The Tax Preference Economy

Here’s an email from a reader on Google’s ($GOOG) tax strategy.

GOOG may not be betting on lower actual corporate tax rates. Like a lot of sophisticated U.S. companies that defer taxes by parking profits overseas, they may be waiting for the government to allow yet another “tax amnesty” repatriation scheme. That’s legislation that provides companies with a temporary period in which to repatriate assets while incurring lower taxes than they otherwise would. This has happened before, and there’s currently some lukewarm lobbying to make it happen again.
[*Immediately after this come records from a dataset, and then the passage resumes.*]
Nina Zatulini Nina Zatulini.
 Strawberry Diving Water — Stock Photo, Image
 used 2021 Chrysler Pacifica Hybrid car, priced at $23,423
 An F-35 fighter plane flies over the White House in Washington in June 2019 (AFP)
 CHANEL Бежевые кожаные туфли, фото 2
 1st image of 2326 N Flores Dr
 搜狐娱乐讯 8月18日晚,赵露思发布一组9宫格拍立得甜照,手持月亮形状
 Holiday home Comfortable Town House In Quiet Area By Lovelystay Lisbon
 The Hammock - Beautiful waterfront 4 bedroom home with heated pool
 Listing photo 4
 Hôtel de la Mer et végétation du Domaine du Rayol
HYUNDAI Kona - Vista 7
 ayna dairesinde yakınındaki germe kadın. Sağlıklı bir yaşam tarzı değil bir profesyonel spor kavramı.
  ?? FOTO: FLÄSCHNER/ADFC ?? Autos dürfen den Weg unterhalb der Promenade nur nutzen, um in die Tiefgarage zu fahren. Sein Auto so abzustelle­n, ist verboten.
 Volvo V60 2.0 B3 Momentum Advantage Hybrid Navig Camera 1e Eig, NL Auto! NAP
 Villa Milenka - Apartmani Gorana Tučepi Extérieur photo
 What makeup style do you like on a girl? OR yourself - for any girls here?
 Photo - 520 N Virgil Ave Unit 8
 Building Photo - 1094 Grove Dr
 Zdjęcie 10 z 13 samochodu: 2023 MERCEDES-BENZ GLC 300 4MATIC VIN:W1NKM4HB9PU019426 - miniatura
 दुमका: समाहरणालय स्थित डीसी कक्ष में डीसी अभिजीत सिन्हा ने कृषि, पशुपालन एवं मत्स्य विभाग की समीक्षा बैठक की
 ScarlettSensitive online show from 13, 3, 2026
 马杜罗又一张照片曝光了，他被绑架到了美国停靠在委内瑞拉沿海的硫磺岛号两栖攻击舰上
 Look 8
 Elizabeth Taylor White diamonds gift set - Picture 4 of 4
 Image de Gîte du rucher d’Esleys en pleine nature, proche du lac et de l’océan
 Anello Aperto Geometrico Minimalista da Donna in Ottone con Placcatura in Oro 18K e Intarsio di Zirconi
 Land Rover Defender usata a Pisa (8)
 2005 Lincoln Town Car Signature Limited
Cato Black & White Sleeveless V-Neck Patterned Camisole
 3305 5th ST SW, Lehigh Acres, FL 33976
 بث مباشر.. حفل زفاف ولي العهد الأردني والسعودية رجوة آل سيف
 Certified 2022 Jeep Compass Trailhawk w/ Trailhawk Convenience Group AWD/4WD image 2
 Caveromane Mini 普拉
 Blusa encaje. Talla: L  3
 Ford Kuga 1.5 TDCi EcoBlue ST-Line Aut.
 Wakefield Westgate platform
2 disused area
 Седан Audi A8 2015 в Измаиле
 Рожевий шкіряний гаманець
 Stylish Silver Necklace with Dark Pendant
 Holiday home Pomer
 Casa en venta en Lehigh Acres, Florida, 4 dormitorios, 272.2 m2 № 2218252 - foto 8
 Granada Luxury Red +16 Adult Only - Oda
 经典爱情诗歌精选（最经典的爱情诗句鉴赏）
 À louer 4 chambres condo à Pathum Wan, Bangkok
Tax deferral for profits held overseas is – for better or worse – most likely a HUGE part of why many major companies have been accumulating tons of cash on their balance sheets.

Tax preferences like this are lurking behind just about every weird financial distortion in the U.S. economy. Tax preferences for employer-provided healthcare. Tax preferences for interest on home mortgage indebtedness. Tax preferences for corporate debt over equity (that one’s debatable). Eventually, the muni market may be severely dislocated by the fact that municipal debt is overwhelmingly funded by a single class of investor: high-income individuals who justifiably wish to escape some income taxation on interest from municipal bonds. I haven’t seen anything particularly strange created by tax preferences for individual long-term cap gains over short-term cap gains, but I wouldn’t be surprised if it’s in there somewhere.